Every November, I debate whether or not to participate in NaNoWriMo. Most years, I end up doing it, but I try to only do NaNoWriMo if I have a project that would benefit from its word-count driven format.
I skipped NaNoWriMo last year because I was working on book one of the Caterpickles Parenting Series, What’s That, Mom? Since one of my goals for that book was to keep it short so that parents would actually be able to use it, a contest that would encourage me to write 50,000 words when 12,000 would do wasn’t a good idea.
This year, my goal was to jumpstart book two of the Caterpickles Parenting Series. Since this one focuses on helping parents nurture their child’s curiosity across a number of areas, not just art, it’s going to be a bit longer. 50,000 words sounded about right, frankly.
What with the move this past fall, I had fallen months behind my self-imposed schedule for writing book two.
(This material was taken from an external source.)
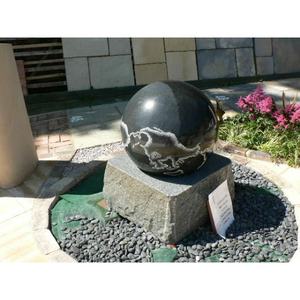 Elegant Premium Marble Rolling <b>Sphere</b>/Globe/Ball High Quality Stone <b>Garden</b> Product - Product Image 2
I thought NaNoWriMo would be an excellent way to catch up.
The good thing about having to churn out 50,000 words in a month is that it forced me to sit and write every day on the same project, so I’m not feeling stuck any more. The bad thing about having a 50,000-word goal is that I will do whatever it takes to meet it, even if it means using twelve words when I only needed two.
As a result, while I technically won NaNoWriMo this year, I think I would have been better off if I’d lost. My 50,000 words need so much editing that I still feel months behind on this project. If I could do the month over, if I could have the time back, I would spend it writing on the book without thinking about word count at all.
How about you? Did you do NaNoWriMo? Why or why not?